Note: when the evaluation of uncertainty is active, either column stddev
or variance
must be given.
Note: the indices of the DataFrames annotations
and predictions
must match to each other.
Object detection¶
The input for the image-based object detection evaluation case differs compared to the classification cases.
In the object detection evaluation mode, Thetis expects two Python dictionaries annotations
and
predictions
, representing the ground truth objects as well as the predicted objects, respectively.

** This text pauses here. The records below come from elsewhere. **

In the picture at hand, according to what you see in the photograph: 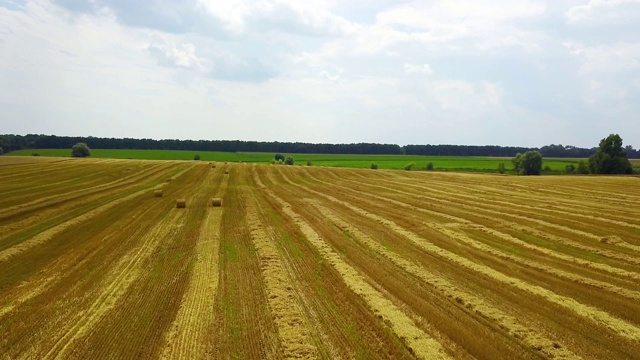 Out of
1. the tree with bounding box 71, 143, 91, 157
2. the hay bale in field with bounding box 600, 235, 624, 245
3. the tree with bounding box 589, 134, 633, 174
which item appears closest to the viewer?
the hay bale in field with bounding box 600, 235, 624, 245

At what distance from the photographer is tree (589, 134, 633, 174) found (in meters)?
71.8

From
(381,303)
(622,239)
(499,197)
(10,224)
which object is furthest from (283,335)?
(499,197)

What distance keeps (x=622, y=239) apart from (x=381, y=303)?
1309 cm

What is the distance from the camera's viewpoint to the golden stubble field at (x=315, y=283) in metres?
8.17

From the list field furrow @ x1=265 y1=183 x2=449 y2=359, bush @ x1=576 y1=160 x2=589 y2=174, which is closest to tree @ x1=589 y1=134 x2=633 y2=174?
bush @ x1=576 y1=160 x2=589 y2=174

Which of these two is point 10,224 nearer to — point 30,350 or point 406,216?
point 30,350

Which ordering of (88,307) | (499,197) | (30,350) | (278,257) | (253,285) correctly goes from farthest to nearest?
(499,197) < (278,257) < (253,285) < (88,307) < (30,350)

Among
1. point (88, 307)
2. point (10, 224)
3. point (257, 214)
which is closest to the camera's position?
point (88, 307)

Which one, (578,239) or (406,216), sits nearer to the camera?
(578,239)

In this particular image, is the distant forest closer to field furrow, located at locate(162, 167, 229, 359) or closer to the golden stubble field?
the golden stubble field

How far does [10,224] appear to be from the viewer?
62.8 ft

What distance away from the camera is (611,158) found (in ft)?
238

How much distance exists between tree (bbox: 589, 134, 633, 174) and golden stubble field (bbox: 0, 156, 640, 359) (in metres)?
58.2

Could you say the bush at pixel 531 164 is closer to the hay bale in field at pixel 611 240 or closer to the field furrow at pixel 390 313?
the hay bale in field at pixel 611 240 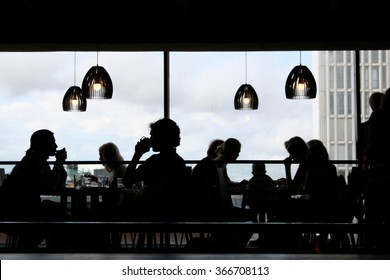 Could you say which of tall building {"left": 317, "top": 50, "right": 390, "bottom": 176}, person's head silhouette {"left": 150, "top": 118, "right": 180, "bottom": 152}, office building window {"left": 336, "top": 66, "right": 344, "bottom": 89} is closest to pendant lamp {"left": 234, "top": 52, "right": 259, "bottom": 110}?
tall building {"left": 317, "top": 50, "right": 390, "bottom": 176}

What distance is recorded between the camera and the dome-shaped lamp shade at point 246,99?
5.93 metres

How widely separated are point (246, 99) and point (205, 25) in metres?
1.21

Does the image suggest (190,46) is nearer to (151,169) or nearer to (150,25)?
(150,25)

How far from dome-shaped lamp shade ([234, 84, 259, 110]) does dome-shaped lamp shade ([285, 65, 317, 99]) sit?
69 centimetres

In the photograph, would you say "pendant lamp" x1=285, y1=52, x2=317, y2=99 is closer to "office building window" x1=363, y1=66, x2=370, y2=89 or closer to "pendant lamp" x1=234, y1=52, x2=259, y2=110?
"pendant lamp" x1=234, y1=52, x2=259, y2=110

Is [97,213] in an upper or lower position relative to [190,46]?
lower

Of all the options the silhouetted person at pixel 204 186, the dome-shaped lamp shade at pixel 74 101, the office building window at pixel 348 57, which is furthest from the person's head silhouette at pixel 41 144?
the office building window at pixel 348 57

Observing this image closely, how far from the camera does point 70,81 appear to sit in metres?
7.18

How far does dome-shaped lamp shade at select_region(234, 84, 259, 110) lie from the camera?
19.5 ft

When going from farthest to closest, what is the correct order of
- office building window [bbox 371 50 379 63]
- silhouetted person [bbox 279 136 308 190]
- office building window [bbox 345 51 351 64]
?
1. office building window [bbox 371 50 379 63]
2. office building window [bbox 345 51 351 64]
3. silhouetted person [bbox 279 136 308 190]

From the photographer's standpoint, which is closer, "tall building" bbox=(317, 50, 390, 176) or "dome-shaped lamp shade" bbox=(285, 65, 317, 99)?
"dome-shaped lamp shade" bbox=(285, 65, 317, 99)

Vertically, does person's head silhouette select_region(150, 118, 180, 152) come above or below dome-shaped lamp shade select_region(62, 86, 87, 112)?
below

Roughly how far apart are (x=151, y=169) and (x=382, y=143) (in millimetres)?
1382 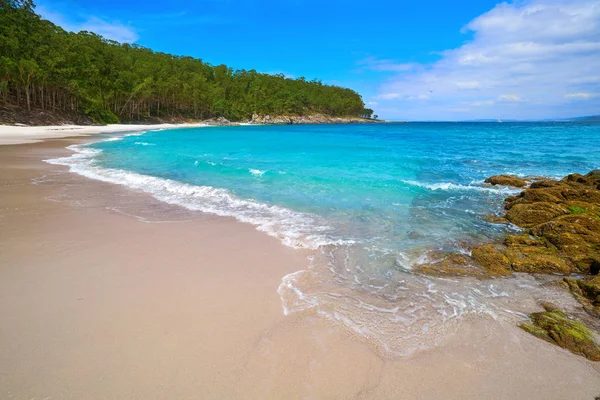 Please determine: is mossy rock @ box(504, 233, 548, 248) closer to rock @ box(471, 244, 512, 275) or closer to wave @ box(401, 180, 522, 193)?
rock @ box(471, 244, 512, 275)

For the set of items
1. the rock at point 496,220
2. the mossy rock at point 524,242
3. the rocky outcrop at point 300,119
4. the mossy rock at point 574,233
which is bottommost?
the rock at point 496,220

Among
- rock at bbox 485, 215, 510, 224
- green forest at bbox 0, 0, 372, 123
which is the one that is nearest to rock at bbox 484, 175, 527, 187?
rock at bbox 485, 215, 510, 224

Each entry within these dictionaries must be an instance of a Pandas DataFrame. The dictionary keys are the identifiers for each image. Thus, it is possible to assign predicted objects to real existing ones by identifying the ground truth and prediction information using the given dictionary keys.
The individual pd.DataFrame
instances (annotations and predictions) for each frame must be given according
to the format for binary classification (but with more than 2 labels allowed). Thus, the
console output for annotations
might look like the following:
>>> annotations
{'__meta__':
width height
img_00 1920 1080
img_01 1680 720,
'img_00':
target gender age
0 person female adult
1 person male child
2 car None None
3 person female child
4 car None None
5 person female adult,
'img_01': ...
}
Important: the dictionary for annotations
requires a field __meta__
with an instance of
pd.DataFrame
with columns width
and height
. This DataFrame holds the width and height meta
information for the respective image. The frame index must match the set of keys that are present in
annotations
and predictions
.
The console output for predictions
might look like:
>>> predictions
{'img_00':
labels confidence
0 person 0.914123
1 person 0.871923
2 car 0.921751
3 car 0.993720
4 car 0.351152
5 bicycle 0.639153
6 car 0.817591
7 person 0.912730
8 person 0.981693
9 biycle 0.583190,
'img_01': ...
}
Note: the indices of the individual pd.DataFrame
instances are not expected to match each other since
the amount of predicted and real-existing objects can differ.
Furthermore, only a single field for confidence
is expected, even when working with multiple labels.
This is because most of the common object dection algorithms only output a single confidence estimate for a detected
object, discarding the confidence information for the remaining classes.